The Delhi government had announced that starting October 25, it will be mandatory for vehicle owners to have a valid Pollution Under Control (PUC) certificate to buy fuel. However, the order was put on hold last week after the petrol and diesel owners’ associations raised law and order concerns over the new scheme in a meeting with the transport department.
“It is being re-examined at the moment. Certain legalities need to be reworked. It may not be implemented as of now,” said a senior Delhi government official who did not wish to be named.
According to officials, the campaign is a concrete step to cut down tailpipe emissions in the city, which has the highest number of registered vehicles in the country apart from a large volume of vehicular traffic coming in from NCR towns on a daily basis.
Delhi has over 13.4 million registered vehicles while over 19 lakh don’t have a valid PUC, as per government data.
Vehicular emissions are the primary source of pollutants in Delhi and contribute to about 40 per cent of the total PM2.5 emissions — the most prominent pollutant found in Delhi’s air.
While experts had hailed the move, they had pointed out that more advanced mechanisms to check on-road emissions were required to cut down on the massive load from vehicles in the city.
Officials said there are several factors behind why, despite being well-intentioned, Delhi is not able to do much about its local emissions.
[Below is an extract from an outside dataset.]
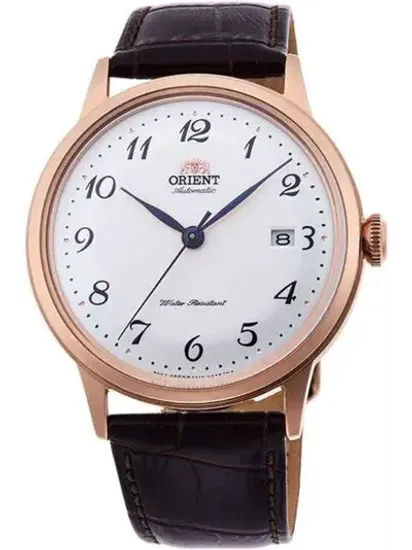 Мужские часы Orient RA-AC0001S10B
The capital is in the need of drastic steps to breathe easy but whenever such a measure is put out on paper, it has its own political and infrastructural ramifications.
“The baseline pollution in Delhi, which exists even when there are no winter conditions that trap pollutants, needs to be cut down. This can be done by reducing the volume of private vehicles. But public infrastructure needs to be made much more robust and readied to handle the passenger traffic, which again needs a larger time-frame. In the meantime, campaigns such as these do help in reducing emissions, in particular, at a time when pollution levels are constantly high,” another official said.
The ‘Red Light On, Gaadi Off’ campaign — the second edition of which was to roll out from October 28 — also became a victim of the political slugfest between the Aam Aadmi Party (AAP)-led Delhi government and Delhi Lieutenant Governor (L-G) Vinai K Saxena, who is appointed by the Centre.
On Friday, Delhi Environment Minister Gopal Rai had accused the L-G of delaying the approval to roll out the campaign for “absurd” reasons, while officials from Saxena’s office said the Delhi government had lied about the date to kick-start the campaign, which, in the file sent to his office, was mentioned as October 31.
Countering this, Rai said due to fears of pollution levels remaining high post-Diwali, Chief Minister Arvind Kejriwal had instructed to roll out the initiative from October 28 itself and there was no reason the L-G’s office should be “making such excuses to approve the file”.
Despite the roadblocks, officials said the campaign would be rolled out soon. “The first fortnight of November is when pollution levels in Delhi see an intense spike. We will be rolling out the initiative soon,” the official said.